Finding Myself

Lia Thomas is Owning It

Lia Thomas just made history.

She is now officially the first trans woman to win the NCAA swimming championship. The University of Pennsylvania made a smart choice recruiting the swimmer. At the NCAA championships, the swimmer touched the tile at the end of her 500-yard freestyle after 4 minutes and 33.24 seconds. She was only 1.75 seconds ahead of the second-place winner, Emma Weyant, but those less than 2 seconds that won her the championship were the deciding factor in a sport based on agility and speed.

At the point of her receiving her trophy, Thomas flashed a peace sign. The crowd was noticeably quiet. No cheers: Certainly not enough excitement and fanfare for a woman who just made history. 

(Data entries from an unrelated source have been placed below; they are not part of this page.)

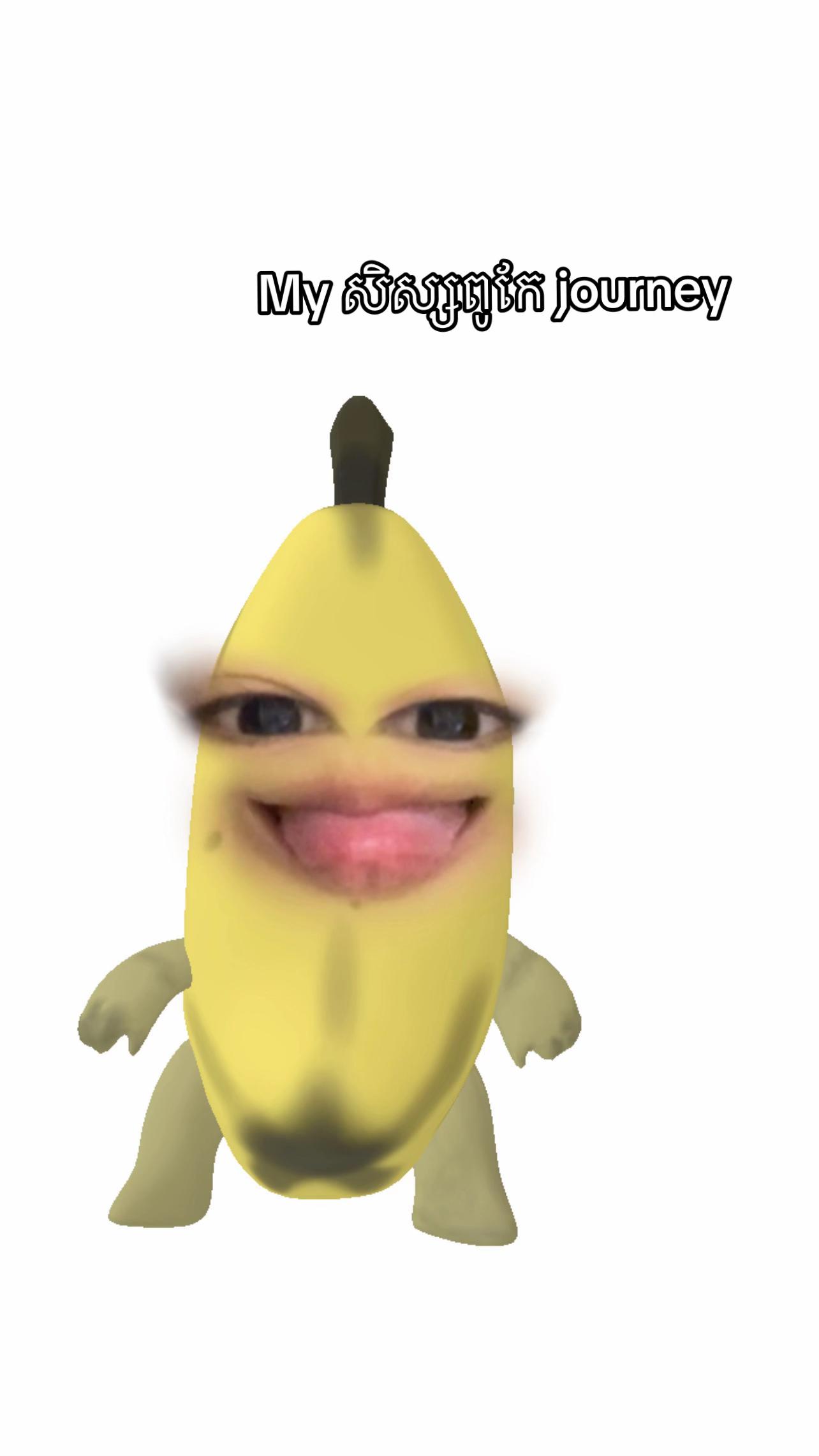 @้็ปฟ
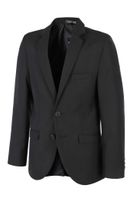 Boys-Classic-Blazer, Slimfit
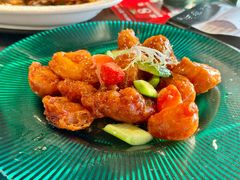 -粤·向群饭店(二沙岛店)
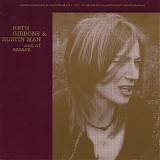 Beth Gibbons & Rustin Man - Out Of Season
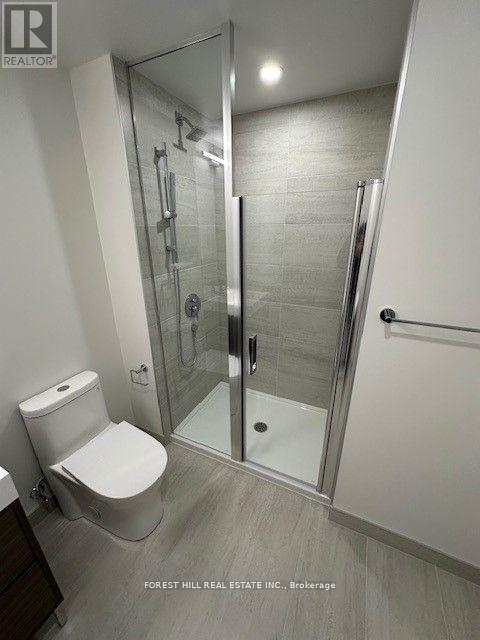 Photo 8 of 426 9 Tecumseth Street, Toronto ON
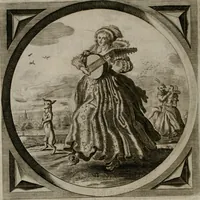 Picture 235 of 305 from Alle de wercken, so ouden als nieuwen (1658), leaf 601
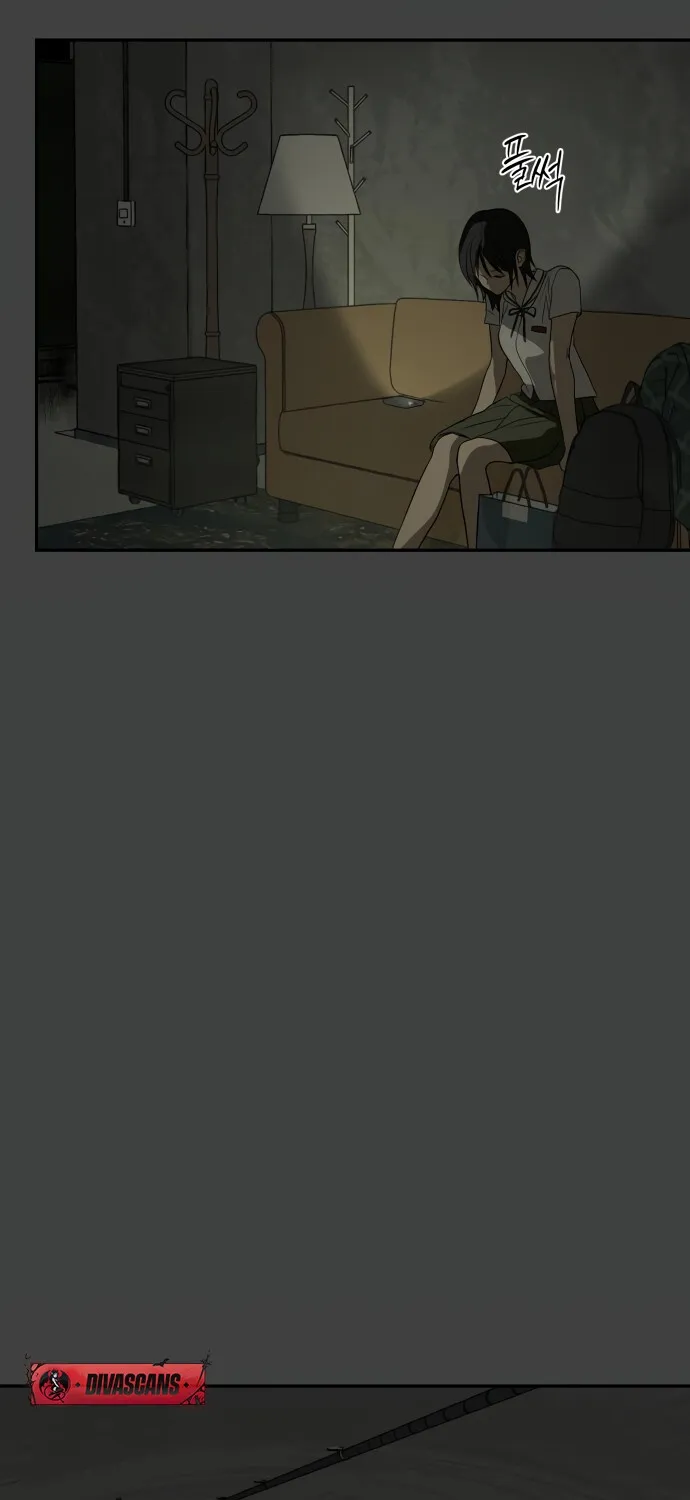 Read Daytime in the Bunker EN Manga Online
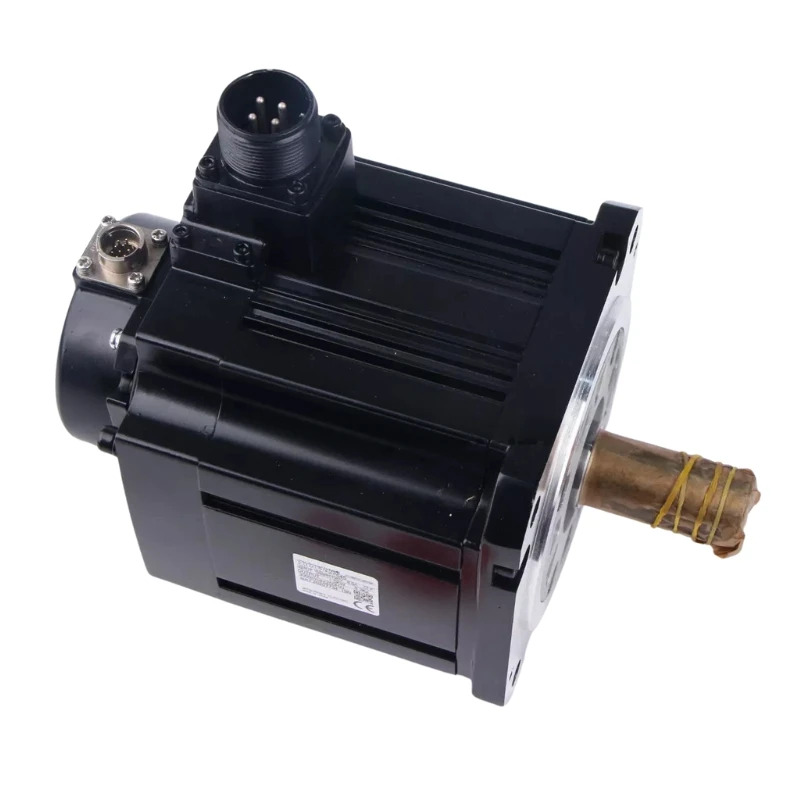 새 HF154S-A48 서보모터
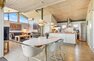 Ferienhaus B2234 in Bjerregårdsvej 333, Bjerregård - Bild #9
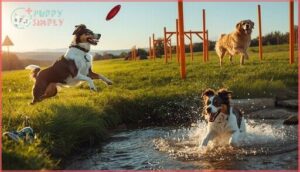 essential exercise and activities essential exercise and activities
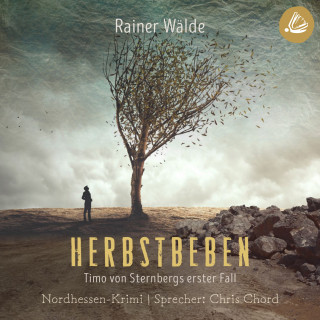 Rainer Wälde: Herbstbeben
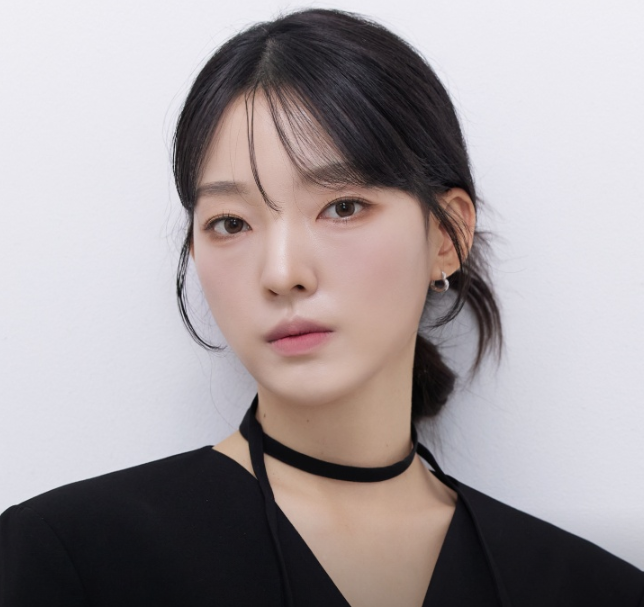 10학번 이*정 [아이디헤어 옥수점 원장]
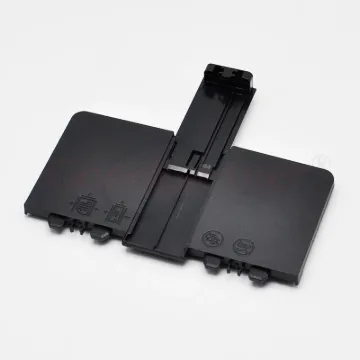 COMPATIBLE HP M3035 MULTI-PURPOSE INPUT TRAY COVER ASSEMBLY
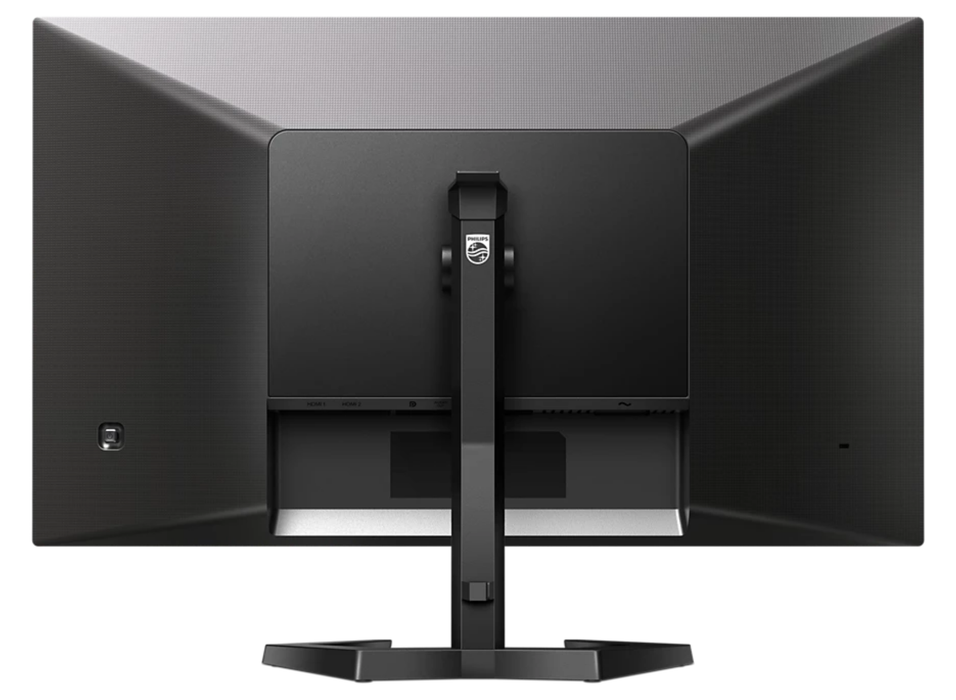 Philips Evnia 27M1N3500LS/00 27" 165Hz 1ms QHD Gaming Monitor Gaming Monitor Philips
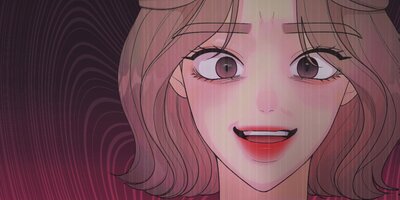 �ȥ�󥹥������ʥ�������������˽в�ä����48�ˡڥե륫�顼��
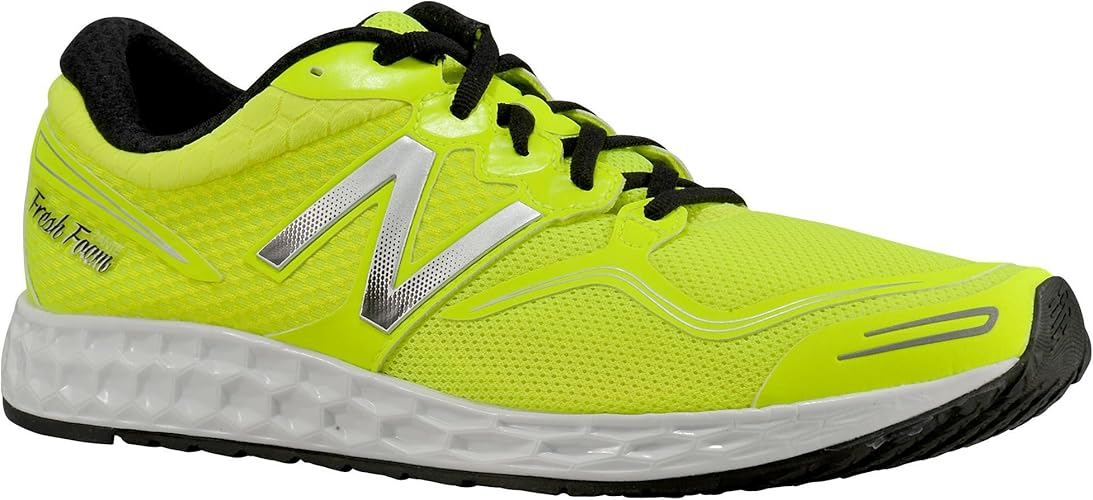 new balance 1980 fresh foam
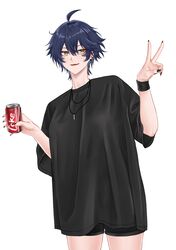 coca-cola fan art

Thomas’ win brings back the conversation of transgender athletes and which teams they should play for. While most sports teams are split between the male and female gender, a lot of people see trans people playing for their preferred gender as unfair. Completely dismissing the hard work and effort athletes put into their craft. In February, USA Swimming announced that they will see if “prior physical development of the athlete as a male” provides a leg up against competitors. And that trans female athletes would have to 36 months of testosterone testing to qualify for the women’s teams. The NCAA quickly shut down that protocol, deeming it unfair during the middle of the season. 

With protestors outside, the silence of the crowd as she was introduced in the lineup and the less than enthusiastic reaction from TERFs after her win, detractors and anti-trans trolls tried their best to knock Thomas down a peg. But Thomas? Well, she’s just enjoying her first-place trophy and her championship win. Thomas spoke to Sports Illustrated, “I just want to show trans kids and younger trans athletes that they’re not alone. They don’t have to choose between who they are and the sport they love.”